There is one conspicuous downside to using MCP itself to insert mcp-context-protector between an LLM app and an MCP server: mcp-context-protector does not have full access to the conversation history, so it cannot use that data in deciding whether a tool call is safe or aligns with the user’s intentions. An example of an AI guardrail that performs exactly that type of analysis is AlignmentCheck, which is integrated into LlamaFirewall. AlignmentCheck uses a fine-tuned model to evaluate the entire message history of an agentic workflow for signs that the agent has deviated from the user’s stated objectives. If a misalignment is detected, the workflow can be aborted.

Since mcp-context-protector is itself an MCP server, by design, it lacks the information necessary to holistically evaluate an entire chain of thought, and it cannot leverage AlignmentCheck. Admittedly, we demonstrated in the second post in this series that malicious MCP servers can steal a user’s conversation history. But it is a bad idea in principle to build security controls that intentionally breach other security controls. We don’t recommend writing MCP tools that rely on the LLM disclosing the user’s conversation history in spite of the protocol’s admonitions.

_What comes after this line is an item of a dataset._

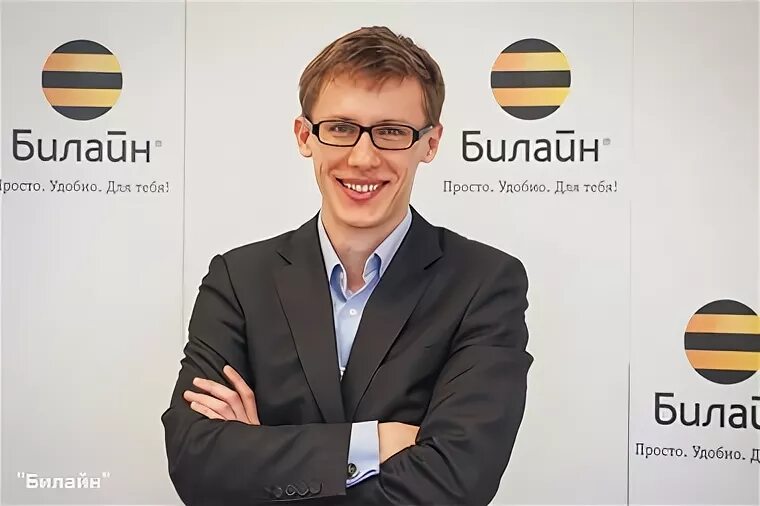 Вымпелком юридические лица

Therefore, if your use case needs full chain-of-thought auditing, you’ll need to integrate it more deeply into your app than is possible with mcp-context-protector.

Manual configuration review and alert fatigue

A second limitation to this approach lies in the manual review process itself and the burden it can place on the human in the loop. In some environments, MCP servers may change their configurations frequently. For example, vendors who publish MCP servers that provide access to a large and complex API might update their MCP servers every time their API undergoes a change. Over time, alert fatigue will take its toll, and users may miss signs of malicious behavior (or, worse, stop using MCP security controls altogether). For that reason, if MCP servers are updated frequently, organizations should consider centralized review by security engineers rather than relying on individual users to protect their own deployments with a tool like mcp-context-protector.

Adopting mcp-context-protector in your organization

Since mcp-context-protector is itself a standards-compliant MCP server, it can be used with any host application and any downstream server. Ideally, it should be used for every MCP server installed in any type of app, including general-purpose chatbots, AI-assisted code editors, and other agents.

The security controls currently implemented in mcp-context-protector are just the start; developers can add any sort of control suited to their organization’s use case. Examples could include data loss prevention checks or additional guardrails on data retrieved from the web.

If you start using mcp-context-protector and have any feedback, or you want to contribute new features or bug fixes, visit the repository on GitHub and submit an issue or pull request.